Que é ser voluntário?

26/08/2021 às 15:51.
Atualizado em 05/12/2021 às 05:45

Era o nosso primeiro dia no Lar Tereza de Jesus, instituição que abriga temporariamente crianças e adultos em tratamento de câncer em Belo Horizonte, vindos de diversas cidades mineiras e até de outros Estados.

A nossa ideia, então, foi a de levar os nossos voluntários numa visita durante a semana, já que alguns pacientes são liberados para voltarem aos fins de semana para as suas cidades. O projeto foi batizado de “grandes olhos”, que é o nome de um filme que conta a história da pintora norte-americana Margaret Keane, de grande talento, mas que tinha suas obras e a fama atribuídas ao marido. A reviravolta em seu caso nos dá exemplos de força e persistência.

Ao chegar numa casa de esquina da avenida do Contorno, em BH, três crianças e suas mães nos esperavam. As meninas tinham sido avisadas no dia anterior de que aquela ação aconteceria e, por isso, estavam ansiosas. Todas queriam receber esses cuidados de beleza que estávamos levando.
Todas aquelas crianças tiveram um câncer que levou à perda de uma das suas pernas. Na hora em que a nossa manicure perguntou se poderia pintar as unhas do seu pé, uma delas, a maiorzinha, fez um pedido: será que poderia pintar as unhas da prótese que ela usava?

As mães das crianças, além das próprias garotinhas, tinham um carinho entre si e isso se estendeu a todos nós. Nossas voluntárias trocaram contatos e fomos embora. Dias depois recebemos a notícia do falecimento de uma dessas meninas, por uma postagem feita pela própria mãe, para quem eu mandei uma mensagem desejando força. Nesse momento, em que não há muito o que falar, é preciso só que a pessoa entenda que não está sozinha. Ao menos em oração ou no desejo de que a família tenha serenidade para se acostumar com essa ausência física de uma filha.

Gláucia Tavares, especialista em luto, diz que uma perda não se supera, pois é uma perda, mas é necessário viver o luto e viver a vida, já que uma compreende a outra.

Na mensagem que enviei, a mãe me contou que estava fazendo uma “vaquinha” para conseguir pagar o jazigo da filha. Ela disse que não a deixaria ali, no chão, sem uma placa que a identificasse, que a homenageasse. Dias mais tarde ela conseguiu o dinheiro e realizou a homenagem. 
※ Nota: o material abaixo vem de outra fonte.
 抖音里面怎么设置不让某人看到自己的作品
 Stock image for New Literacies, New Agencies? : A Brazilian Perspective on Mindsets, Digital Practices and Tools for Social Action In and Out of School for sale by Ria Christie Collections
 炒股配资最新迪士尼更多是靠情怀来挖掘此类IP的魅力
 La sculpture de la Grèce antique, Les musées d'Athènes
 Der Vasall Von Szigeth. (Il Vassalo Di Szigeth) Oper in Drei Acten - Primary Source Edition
O dia 28 de agosto é bem simbólico para o social, pois é reservado para se comemorar o Dia Nacional do Voluntariado. Quando me perguntam, em palestras ou entrevistas, qual é a história de mais impacto que vivi no voluntariado, eu poderia contar diversas outras, pois cada ser humano é uma experiência de vida que não vamos ter. Mas a história do amor daquela criança e da sua mãe, o sorriso e seu encanto ainda vivem em minha mente.
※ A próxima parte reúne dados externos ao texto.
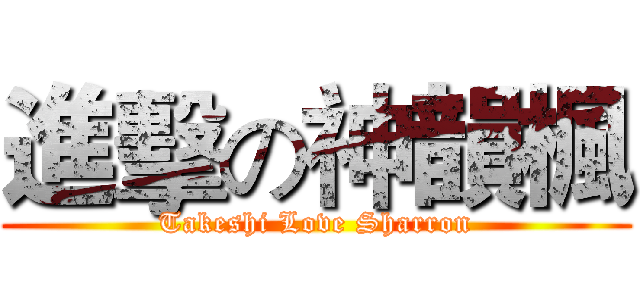 進擊の神韻楓 (Takeshi Love Sharron)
Quando as voluntárias me comunicaram sobre a sua morte, eu estava num aeroporto. Ali eu parei e chorei. Depois disso, o que me veio foi aprendizado: sobre a nossa finitude, sobre aproveitar o tempo e ter presença e consciência plenas naquilo que se vive, no abrir-se para aprender com as situações e no entender os nossos próprios limites.
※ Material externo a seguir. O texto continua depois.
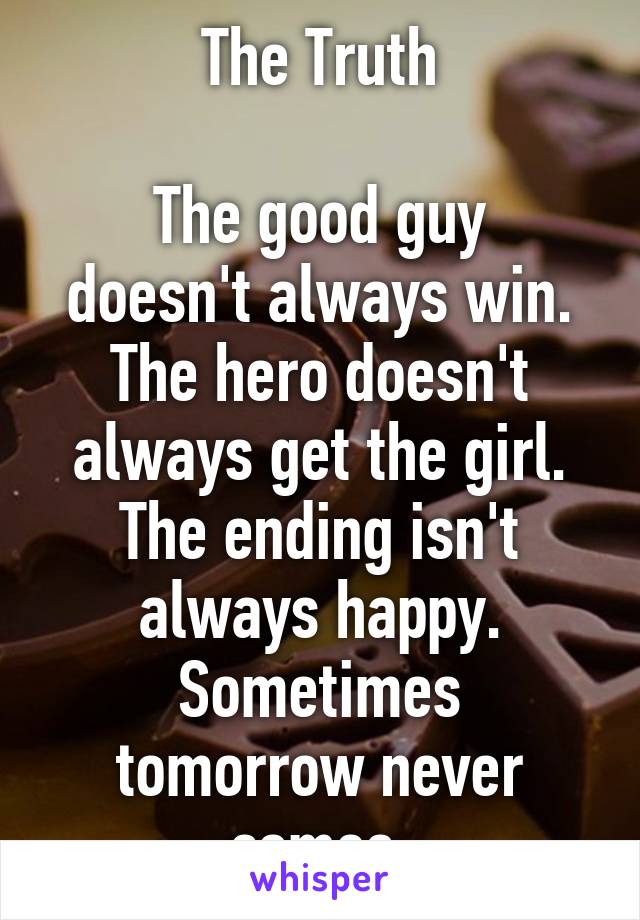 The Truth

The good guy doesn't always win.
The hero doesn't always get the girl.
The ending isn't always happy.
Sometimes tomorrow never comes.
A vida nos burila, involuntariamente. Transformar-se, voluntariamente, para assim gerar transformações, essa é a essência do que fazemos e que vai além de doar alimentos ou visitar abrigos.

Ações assistenciais são a pontinha do iceberg de uma transformação social que tanto queremos. São necessárias, pois precisamos das pessoas vivas, alimentadas, saudáveis se quisermos evoluir com elas para outras etapas. 

Debaixo de uma névoa de invisibilidade, mas com uma expressividade imensa, existem as ações relacionais, de atenção às pessoas que mais precisam, seja numa conversa, numa visita, numa acolhida ou algo assim. Porém, também precisamos de, ao alimentar e acolher, ajudar as pessoas a se desenvolverem. 

Rubem Alves diz que “des envolver” significa tomar uma distância da situação para melhor entendê-la, criticá-la e, assim, promover atuar sobre elas. Isso serve para todos nós.